A lo largo de la obra Pithod se ha ocupado de probar que la revolución socialista tendrá una consumación exitosa solo si destruye la fuente de todas las desigualdades, esto es, el matrimonio heterosexual y la familia; que el psicoanálisis propone una revolución de los instintos con un Ello liberado de toda imposición normativa y, finalmente, que la Iglesia revolucionaria acompaña y bautiza el desquicio del hombre con una novedosa moral liberadora. Finalmente, se pregunta nuestro autor “(…) ¿qué significa en profundidad este ataque al Sexo, al Amor, a las fuerzas espirituales y biológicas que nos entretejen y son –al fin– eso que llamamos «nuestra naturaleza humana»? Significa el intento de llevar la mutación del nuevo hombre a sus profundidades vitales, al núcleo que define la unión y el pacto entre el espíritu y el animal que somos. Allí, en ese corazón carnal del hombre se comunican las vidas que nos constituyen, la vida biológica y la vida del espíritu. Es el corazón humano donde se halla el centro de gravedad del hombre (…) rabiosos de esta santidad intangible, los que odian los valores y son movidos en su odio por el Primer Homicida han decidido arrancarnos a jirones el núcleo sagrado de donde surge como de su fuente la llama del «hogar»: el Amor que se difunde y nos envuelve, que surgiendo del varón y la mujer, se perpetúa a través de la fuente de la vida en otros seres. El Amor Creador donde –como Dios respecto al Verbo– el hombre se realiza realmente en Otro Sí, el hijo. Esto es, ni más ni menos, lo que nos quieren arrancar” (pp. 87 y 88), concluye Abelardo su alegato.

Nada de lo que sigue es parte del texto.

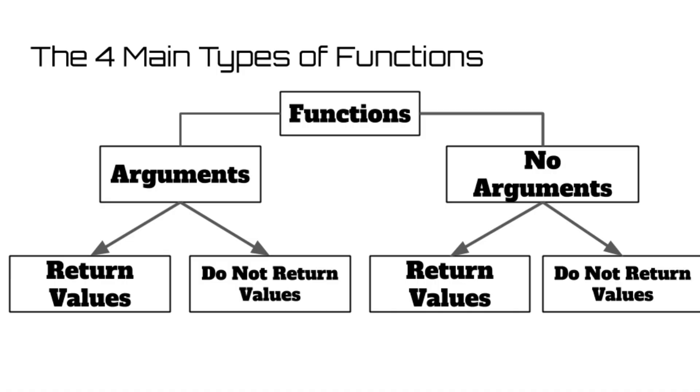Think back to our four different types of functions that we talked about previously: void and return functions that both do and do not take in arguments. Today we're going to be talking about each individually and how to approach creating them, starting with the most basic of the bunch, one which takes in no arguments and returns no values.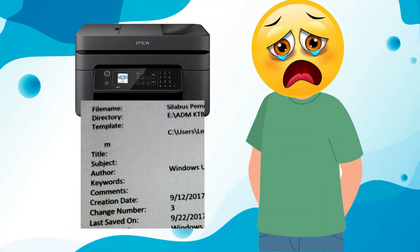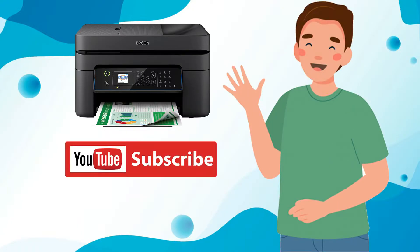Are you stuck in getting this annoying printing properties page every time you print a document? Well today is your lucky day. I will teach you how to solve your problem. But first, do not forget to like and subscribe for more videos like this.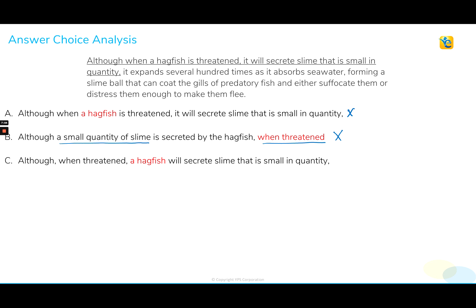Now choice C — this option repeats that same pronoun illogical error that we had in option A. 'It' refers to a hagfish and creates the same meaning chaos we already identified. So we can quickly reject choice C.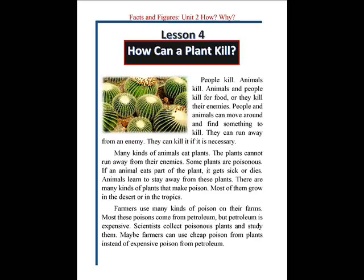Many kinds of animals eat plants. The plants cannot run away from their enemies. Some plants are poisonous. If an animal eats part of the plant, it gets sick or dies. Animals learn to stay away from these plants.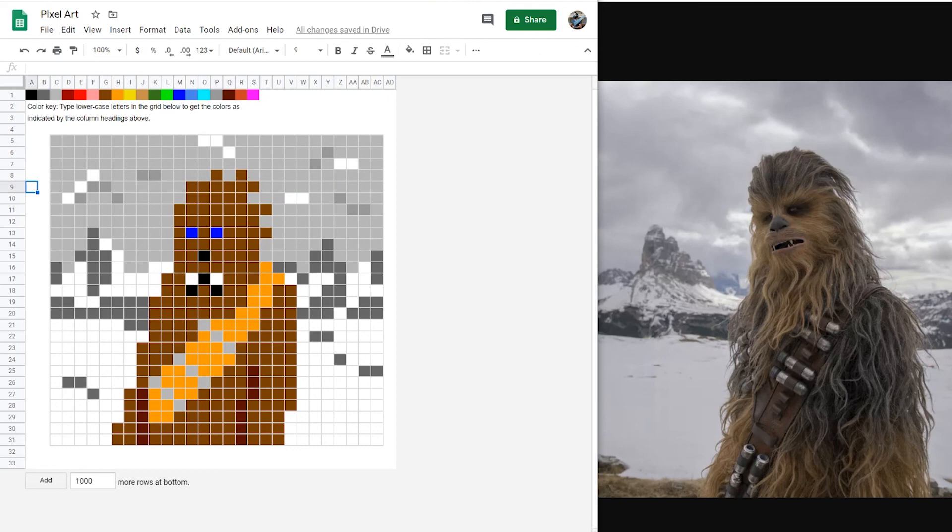That's it for today everybody. I hope that you go ahead and try and make some pixel art. I'd love to see what you come up with. Have yourselves a good one and happy Star Wars Day.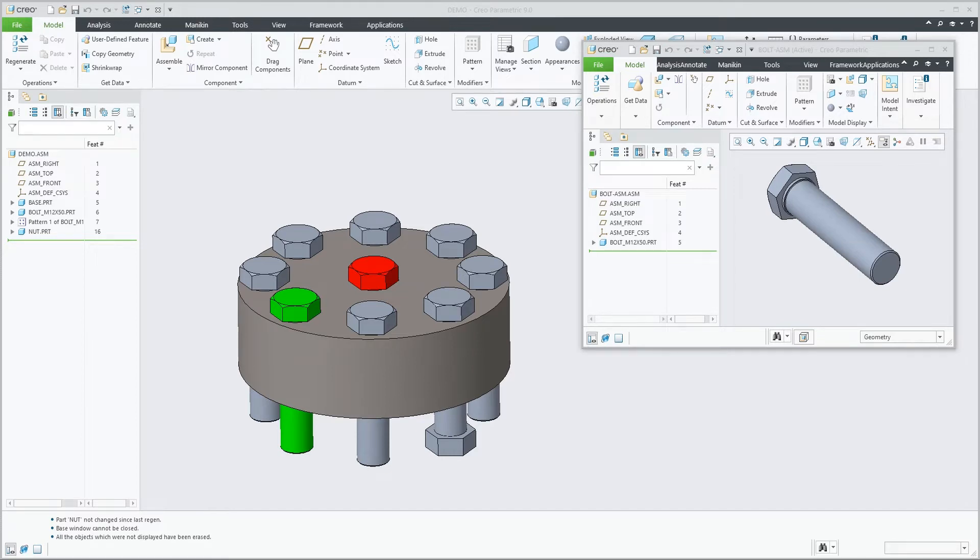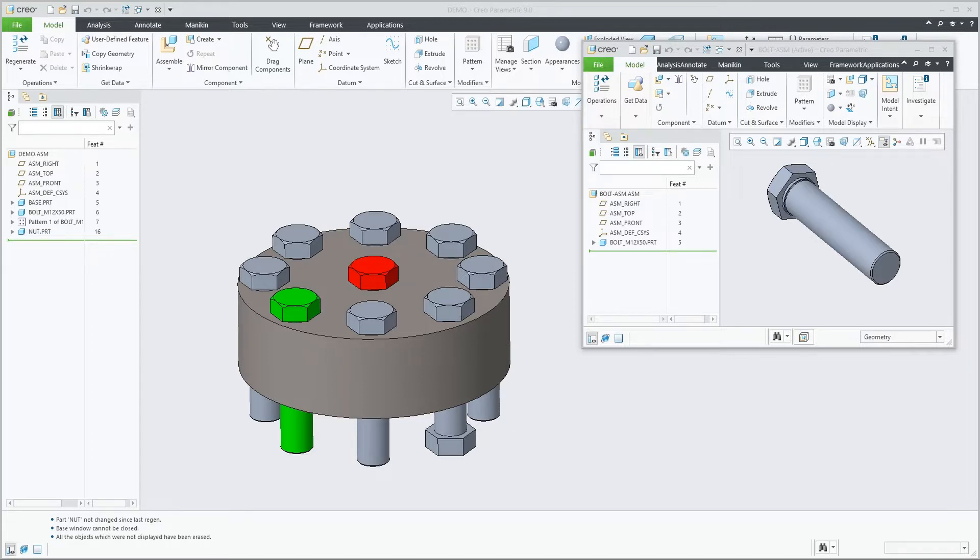A component can now be replaced by an assembly containing that same component. And while doing this, the system will automatically take care of internal and external child references, but also relations, and like in this example, component appearance.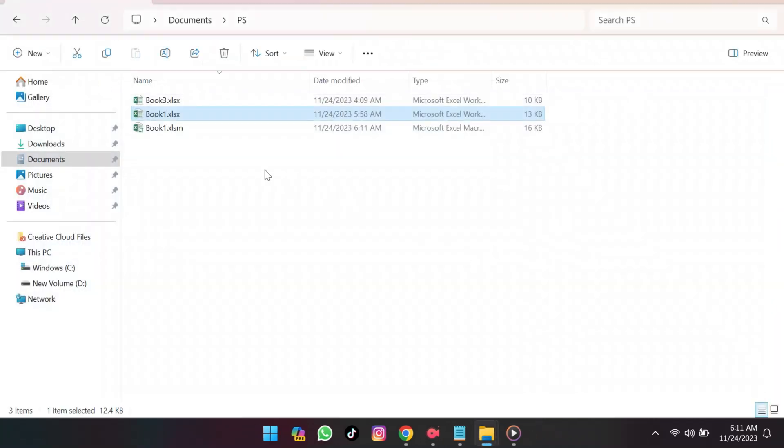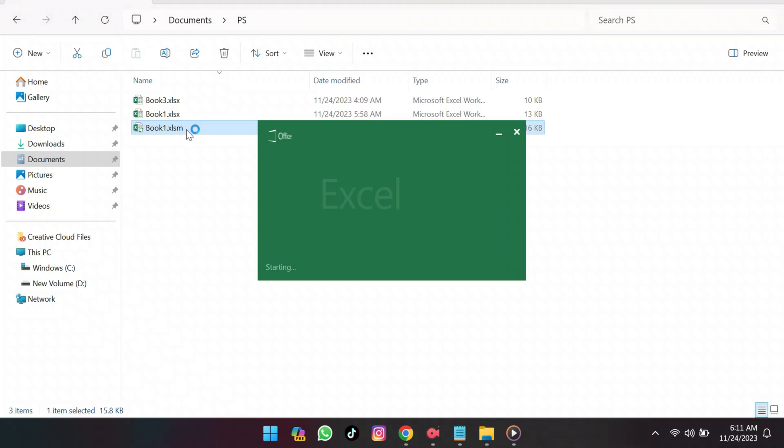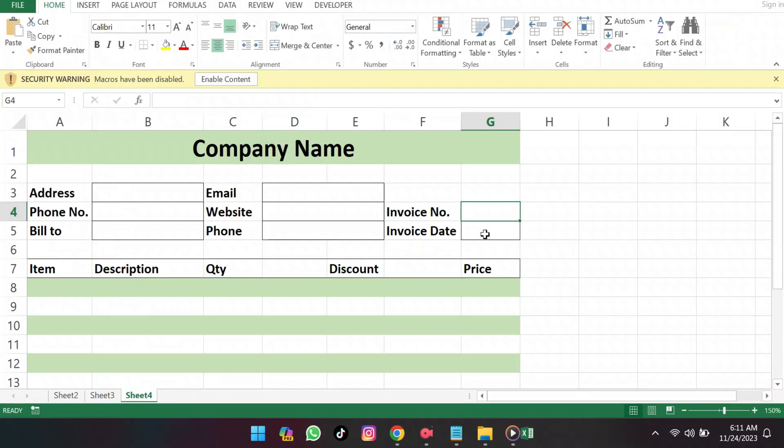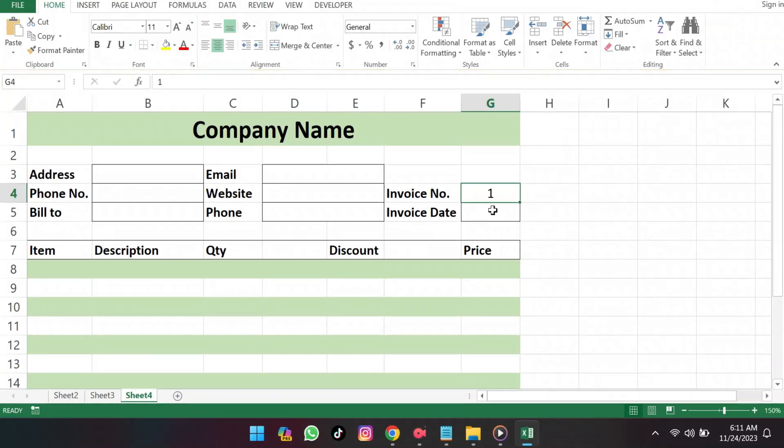Close it and reopen. You'll notice the invoice number automatically updated.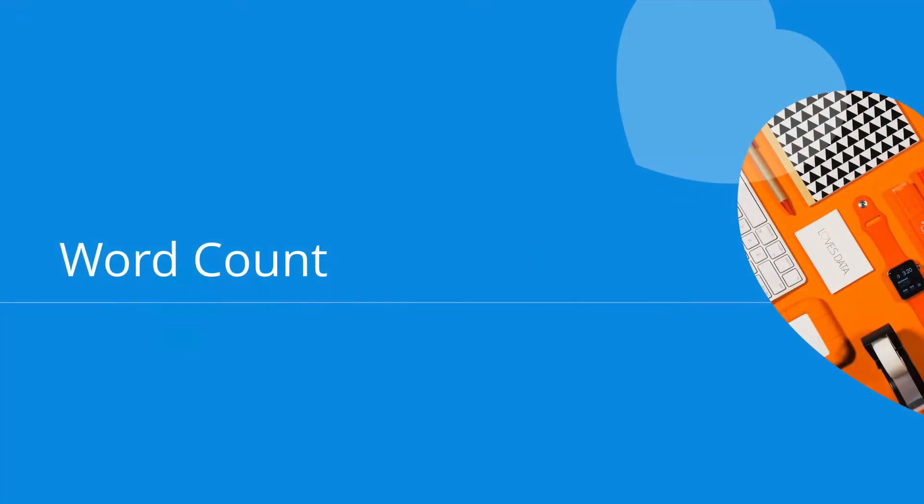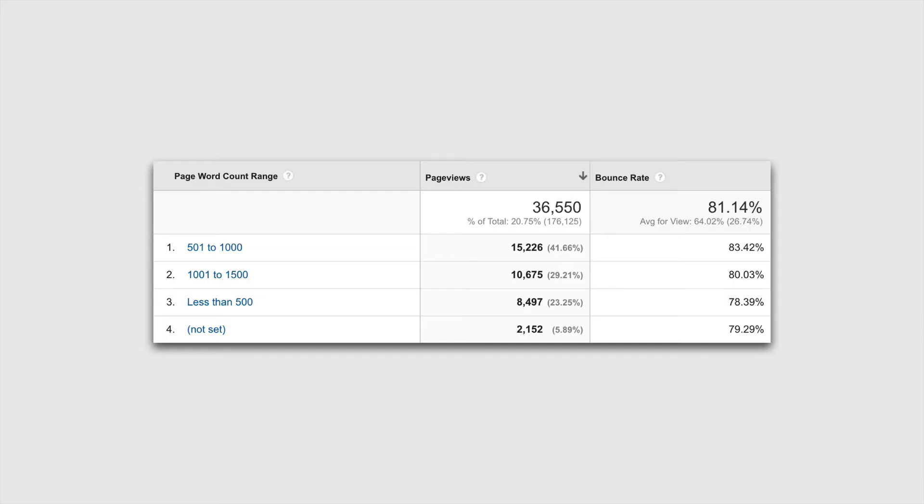You can customize Google Analytics to include the word count for your individual articles or pages on your website. So here's what we can do. We can actually do this using a custom dimension.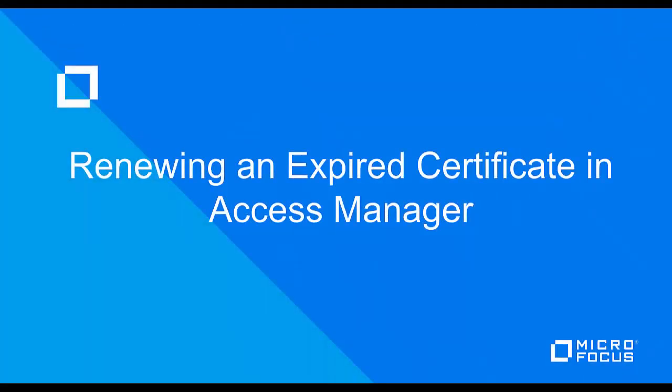Welcome to Micro Focus demonstration video. In this video, I'm going to show you how to renew an expired or expiring certificate in Access Manager. This video will focus on the certificates whose certificate signing request was generated in the administration console.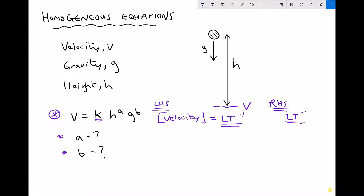Inspecting the right hand side: we have height to the power a. Height is a length — heights, diameters, radii, and distances are all just a length — so we have L to the power a. Next we have gravity, which is an acceleration, and accelerations have dimensions LT⁻². In our formula we have gravity to the power b, so the right hand side reduces to L^a multiplied by (LT⁻²)^b.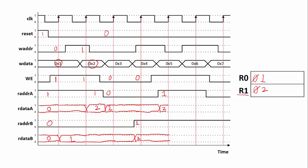In the next clock cycle, write enable is one again. The write address is zero right before the clock edge and write data is five, so we're going to write the value five into register zero at this clock edge. Any read data reading from register zero would change. However, we notice that both read data A and read data B are reading from register one, so neither of them changes during this clock cycle — they're both still reading the value two. So even though the register values are changing, we're not seeing a change on the outputs.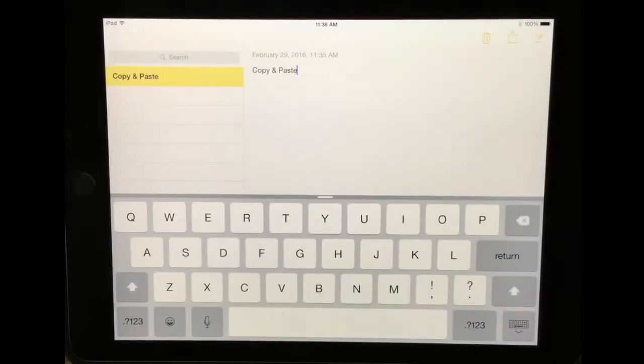Welcome to the Tech in 2 by the Blue Valley EdTech team. Today we are taking a look at copying and pasting using an iPad.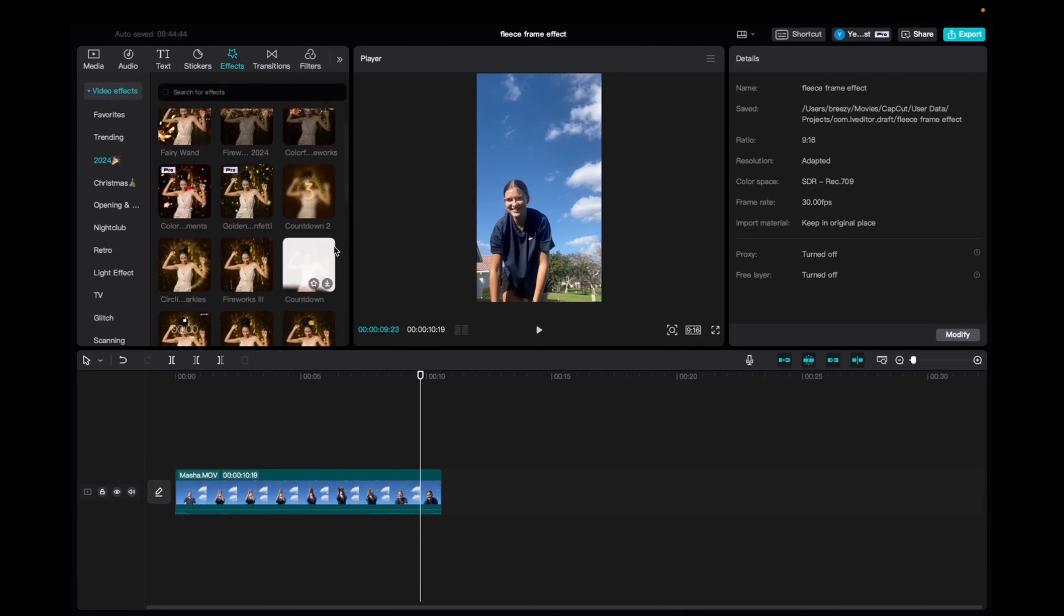Welcome back to A4A2Media. Today I have a quick one for you guys on how to find and add the countdown effect.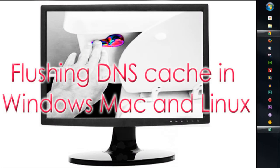In this short tutorial, we're going to flush the DNS on our Windows system.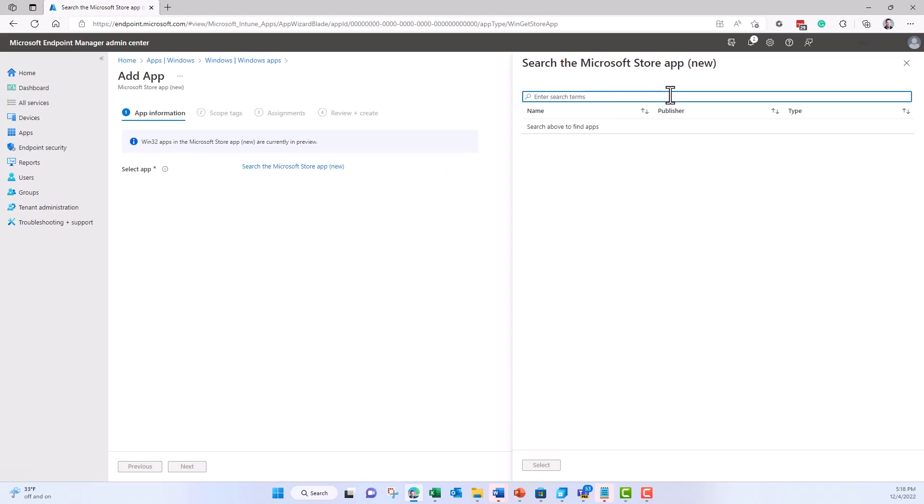Let me search here for the Windows 365 app. You can see that the new Windows 365 app preview for Windows 11 and soon Windows 10 as well can be found.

Entre otras muchas, escogí esta cita para mostrar cuánto nos ha aventajado el diagnóstico de aquellos males para entender y enfrentar del mejor modo posible la demolición actual. “Cultura gay-lésbica”, “perspectiva de género” y “teoría queer” son términos ausentes en las páginas de La revolución cultural; empero, no faltan allí las denuncias sobre la “perversión exaltada”, la “libertad sexual” y la “agresión pornográfica”. Es evidente, por lo que cabe advertir, que puede cambiar algo la cosmética del adversario pero la ferocidad del rostro oculto permanece inalterable y conviene agradecer al Dr. Abelardo Pithod la singular agudeza y pasión por la verdad con las que pintó de cuerpo entero el maridaje freudo-marxista que continuó el ataque contra las cimientos crujientes de la Civilización Cristiana y que osó penetrar aún en el recinto sacro de la Esposa de Cristo mediante la propaganda tercermundista y liberadora.